Jim’s soul grew faint within him when he was informed of the coming ordeal—a dinner à deux with his stepmother. A refusal was on the poor lad’s lips, but he held it back. He could do nothing, he supposed, to narrow the gulf between himself and his father’s second wife; but he had determined that no act or word of his should make the gulf wider. He assented quietly to Mrs. Morland’s peremptory demand for his company in the sitting-room at half-past eight, and promised meekly enough to don his Sunday suit before he ventured to present himself.
He imagined that his stepmother’s request was prompted solely by a desire to “teach him manners”, and so render him a little more presentable to her friends; but in this he did Mrs. Morland less than justice. She was slow to act in matters for any reason displeasing to her; but having once taken a step in any direction, she did not care to turn back. She had been, in her own limited sense, in earnest when she had said that she would henceforth regard Jim as the head of the family. She meant him to endure to the full the penalties attaching at present to the unenviable position, and would not strain a nerve to lighten his load; but she intended also to see that a certain respect and consideration should be offered him by everyone except herself, and it was a part of her plan that he should be found in her company on fitting occasions.
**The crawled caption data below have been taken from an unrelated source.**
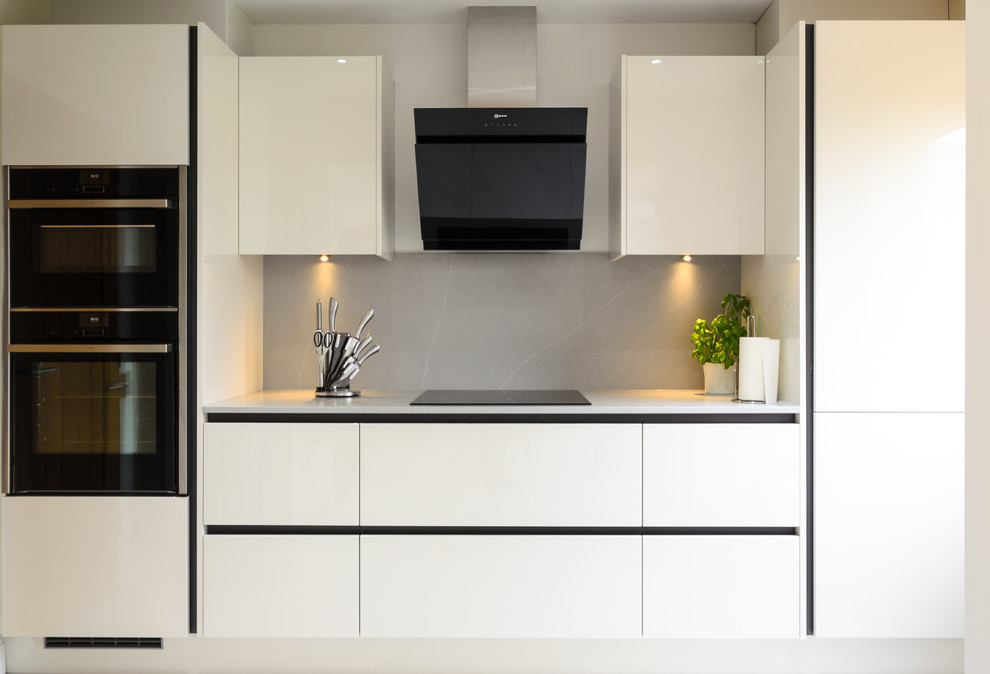 Idéer för ett mellanstort modernt grå kök, med en undermonterad diskho, släta luckor, bänkskiva i kvarts, grått stänkskydd, stänkskydd i sten, svarta vitvaror, klinkergolv i keramik och vitt golv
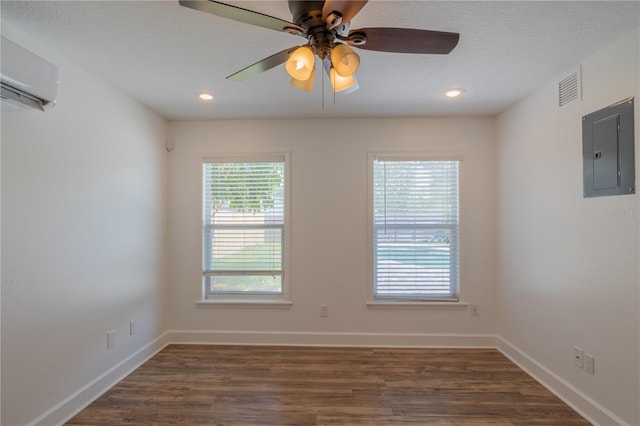 empty room featuring electric panel, wood finished floors, a ceiling fan, baseboards, and recessed lighting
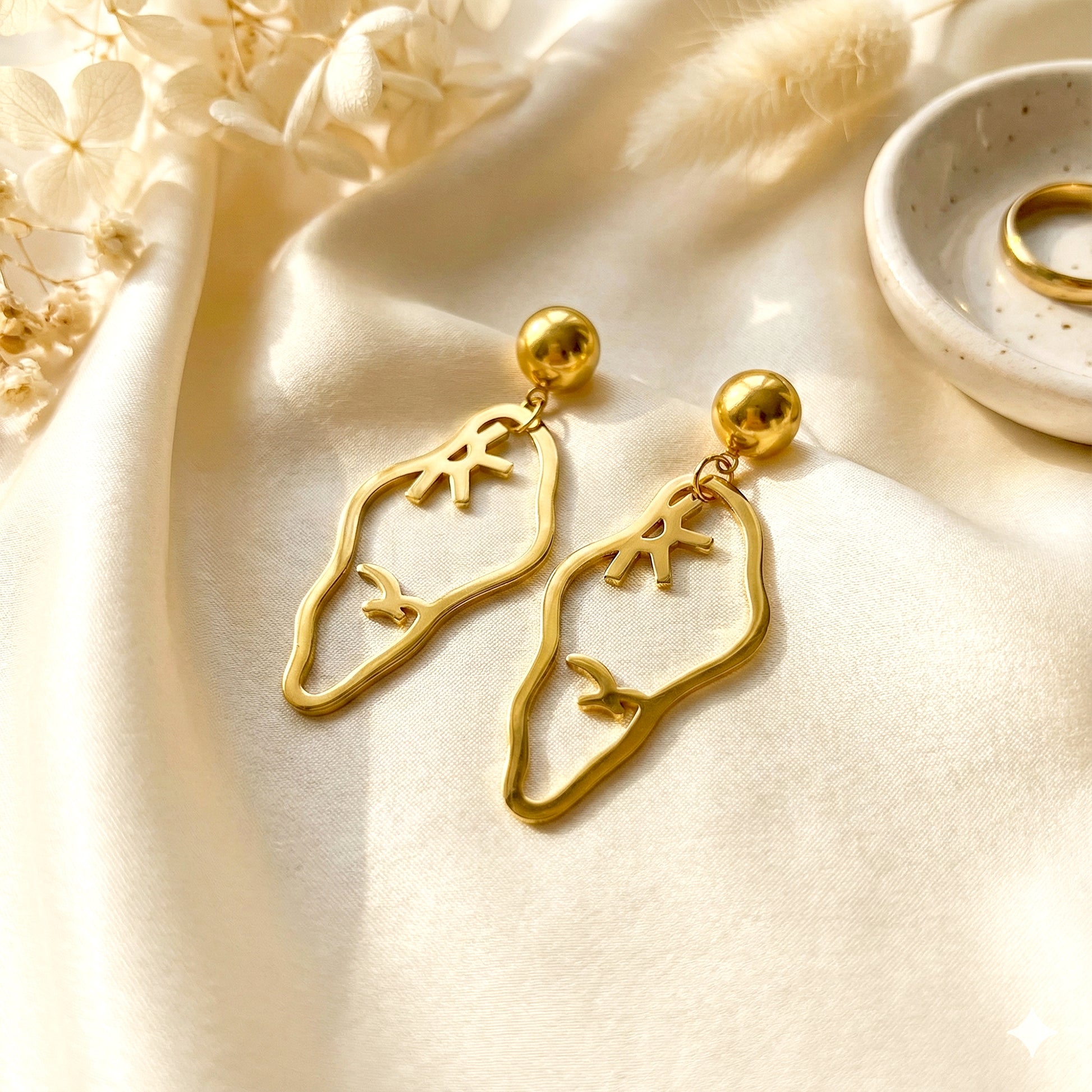 Aesthetic photography of gold Vertex earrings on a cream silk cloth with a small gold dish and dried flowers.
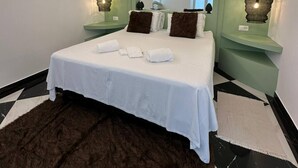 A modern hotel room with a large bed, white linens, two bedside tables with lamps, a large mirror, and a black and white checkered floor. - Unique Vacation Rental in Losone (Losone)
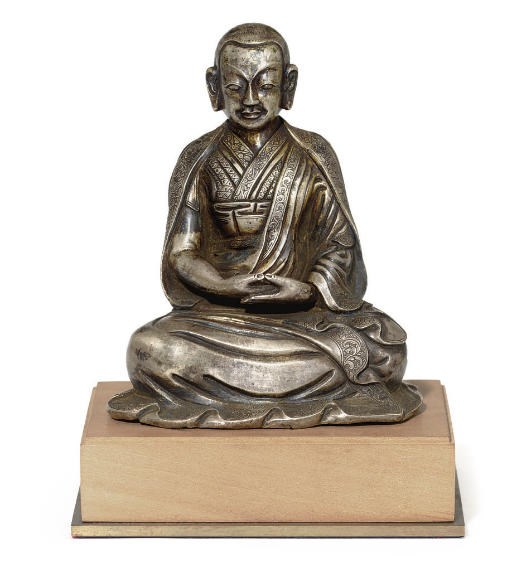 A rare silver figure of a Lama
The family meals were served in the children’s study, but at none of these was the mother present. Her breakfast was carried up to her bedroom, and she lunched alone in her sitting-room. It was Austin’s duty to take her cup backward and forward across the passage at the children’s tea-hour. After dinner Frances and Austin were ordered to appear for dessert. Thus Mrs. Morland attempted to retain among her present surroundings some of the customs and restrictions of the life she had been used to; though the imitation might be a faint likeness of the model, and the result pathetic rather than impressive.
The various courses of the meal were perhaps only Scotch broth, broiled chicken, and rice-pudding, and the dessert a dish of apples and another of nuts. But the glass, china, and silver were the joy of Elizabeth’s soul; and the simple food must be served most daintily. Jim was right in anticipating severe drilling and remorseless fault-finding; yet, taking all in wise humility, he had sense to acknowledge that the experience had its value. He soon learned to satisfy Mrs. Morland’s requirements as to his comportment at table, and his association with her and her children taught him quickly to note the errors in his speech and to correct them for himself.
“The lad is no dullard,” admitted the victorious stepmother in her thoughts; “he will be a gentleman before he knows it. A gentleman-blacksmith! Delightful absurdity! Oh, shall we never escape from this dreadful place!”